Kekayaan sumber daya alam yang melimpah tidak serta merta menjadi negeri yang kaya, rakyatnya sejahtera, semua berpendidikan tinggi, tidak. Negara kaya raya ini masih lemah, kesejahteraan, kesehatan, pendidikan masih menjadi masalah. Paradok, sumber daya alam melimpah tetapi sumber daya manusianya kualitasnya rendah. Peribahasa: ayam mati di lumbung padi.
[irp posts="24249" name="Sekolah Kembali Dibuka, Bijakkah?"]

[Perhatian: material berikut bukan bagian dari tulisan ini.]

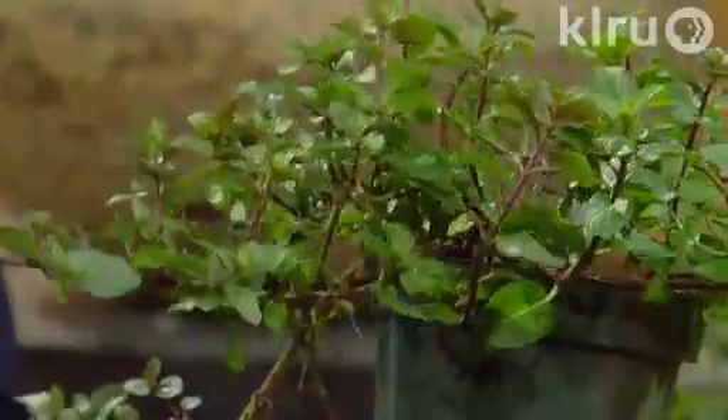Very attractive too, though. I really like the dark, stolen-like growth on these. Very cool. But it will root along every one of those stems.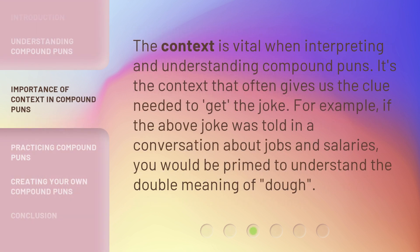The context is vital when interpreting and understanding compound puns. It's the context that often gives us the clue needed to get the joke. For example, if the above joke was told in a conversation about jobs and salaries, you would be primed to understand the double meaning of 'dough'.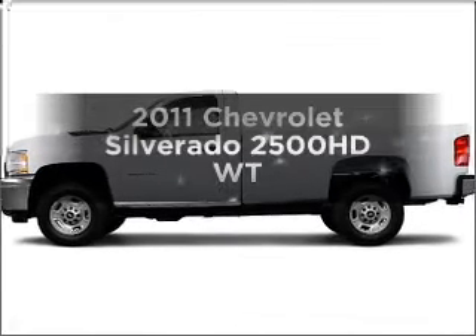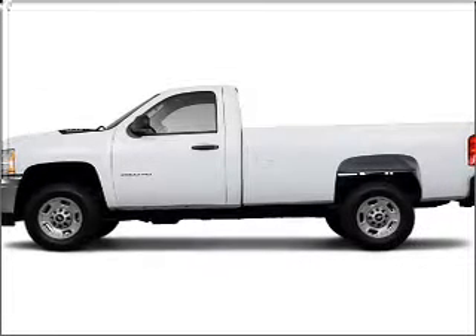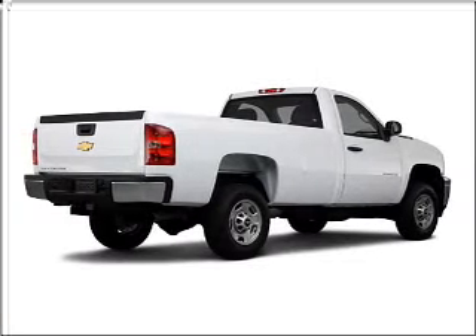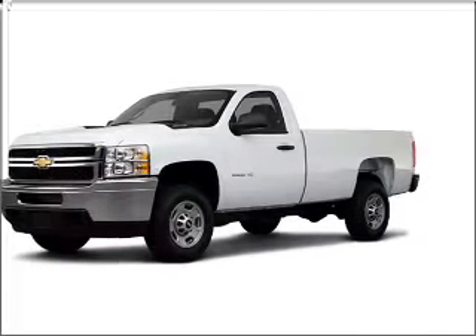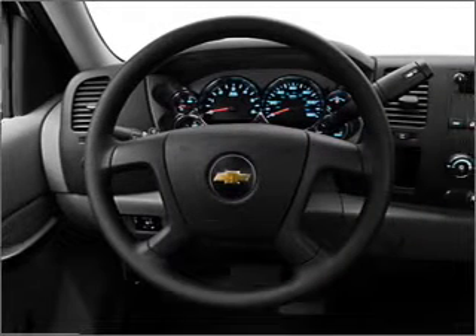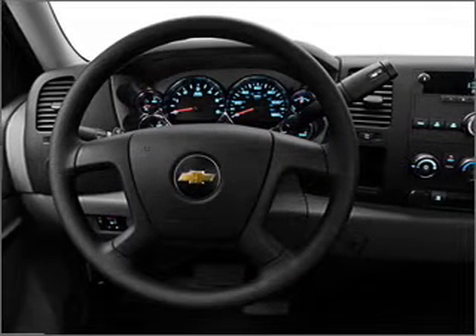Imagine yourself in this 2011 Chevrolet Silverado 2500 HD. If you're looking for an automobile with great attributes, look no further. With a powerful 8-cylinder engine that responds smoothly to its 6-speed automatic transmission. Brake safely with the anti-lock braking system.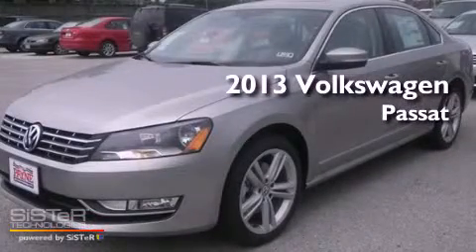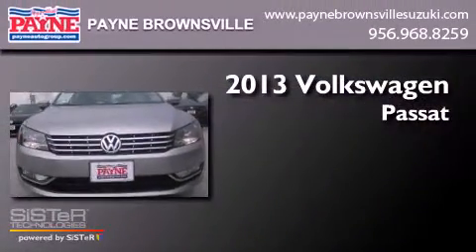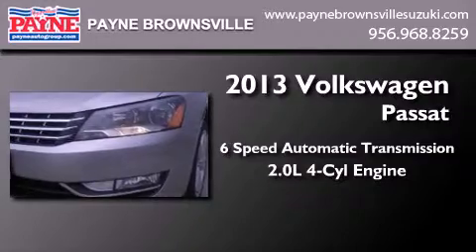This is a brand new 2013 Volkswagen Passat. This car has a 6-speed automatic transmission and an inline 4-cylinder engine.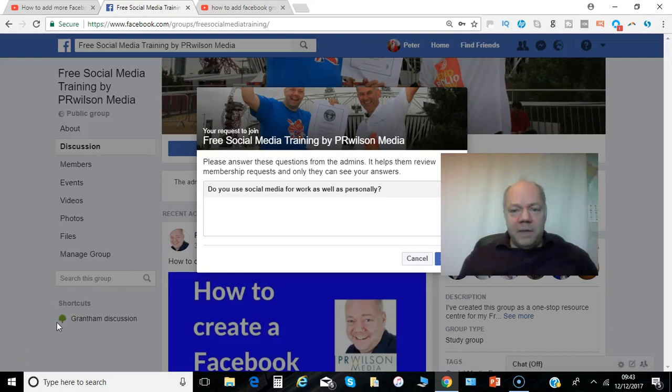Hi, Paul here from PRwilson Media. If you own or manage a Facebook group, a great way to make sure that people who want to join your group are genuinely interested is to ask some questions to those that want to join before they're approved. This is how it's done.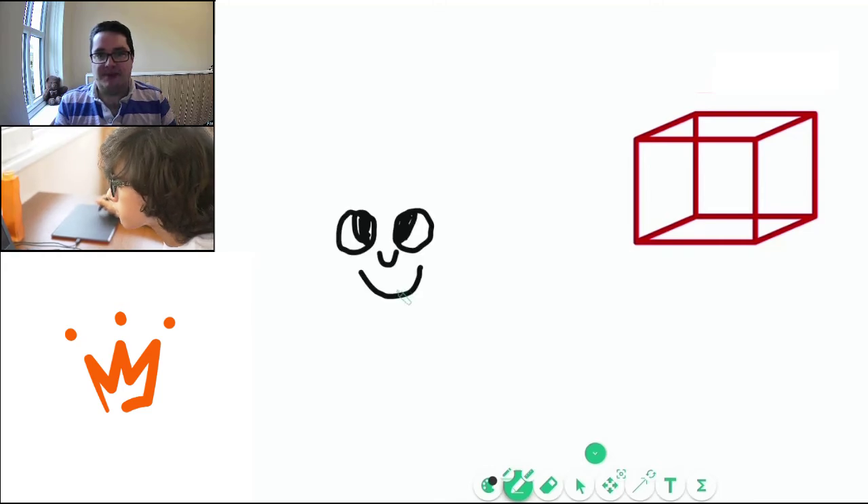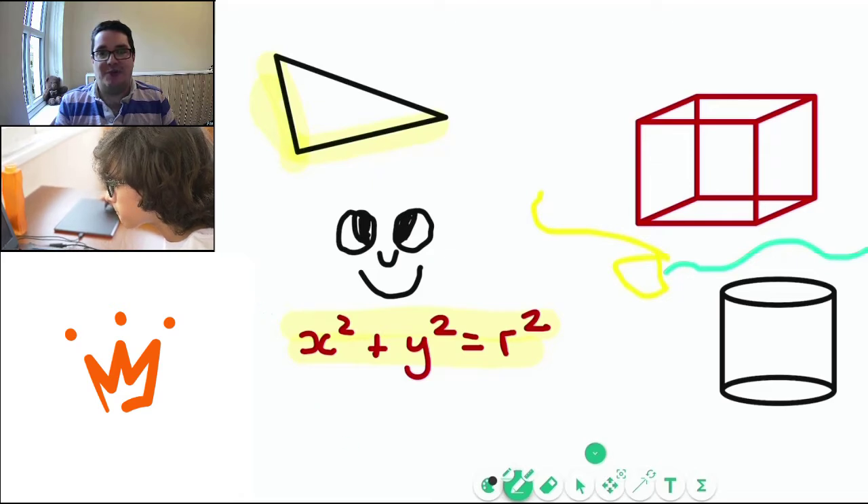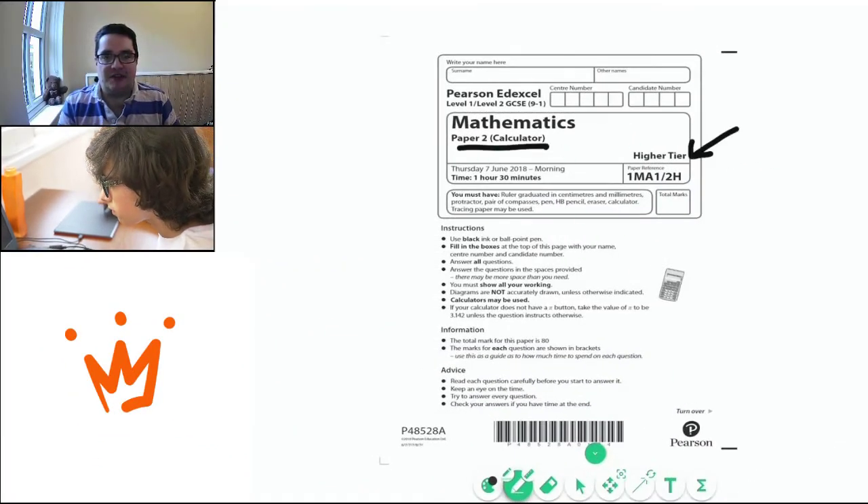This means that we can give instant feedback while they are working. There are different pens, shapes, colors, and highlighters that your child can use when working on our virtual whiteboard. This is what makes our lessons so interactive. We can even work on different resources and exam papers together and annotate around them.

Kebodohan, kemiskinan menjadi salah satu faktor yang menyebabkan kita terus ketinggalan dengan negara lain. Kita tidak mampu mengolah sumber daya alam yang melimpah. Kita tidak punya modal, tidak punya ilmu. Sehingga negara-negara kaya yang sumber daya manusianya berkulitas berduyun-duyun berinsvestasi ke negeri ini. Kebodohan dan kemiskinan membuat kita dipermain oleh mereka. Tragis. Kasus PT Freeport, Indosat adalah contoh kecil betapa lemahnya kita. Negara sebesar ini diobok-obok oleh sebuah PT bukan sebuah negara. Dari PT saja kita ‘kalah’ apalagi bertarung dengan negara lain. Apa bedanya dengan masa awal penjajahan dahulu, kita kalah dengan VOC, sebuah perusahaan perdagangan Belanda.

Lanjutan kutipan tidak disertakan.